** DATASET EXCERPT follows **
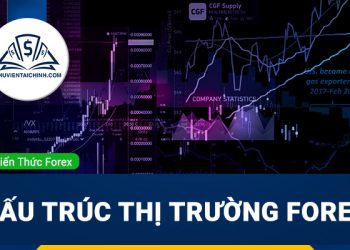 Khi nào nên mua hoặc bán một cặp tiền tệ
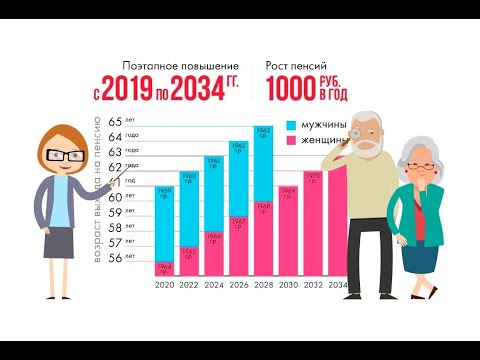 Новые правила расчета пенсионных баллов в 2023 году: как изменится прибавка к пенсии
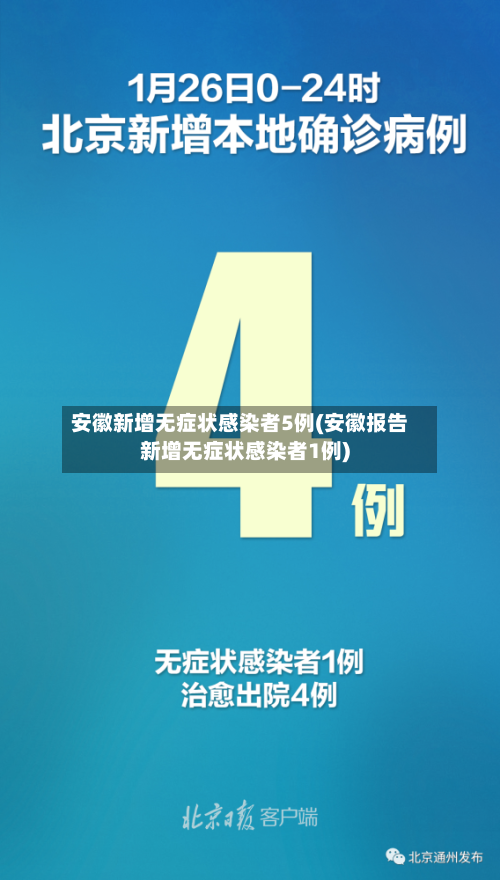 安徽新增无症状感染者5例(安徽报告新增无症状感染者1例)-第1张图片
** End of DATASET EXCERPT **
INSTRUCTIONS FOR THE TASK.
Everything from the line containing "Новые правила расчета" through the last line of the listing above must be output exactly, except the pictures.

SOLUTION.
 Новые правила расчета пенсионных баллов в 2023 году: как изменится прибавка к пенсии
 安徽新增无症状感染者5例(安徽报告新增无症状感染者1例)-第1张图片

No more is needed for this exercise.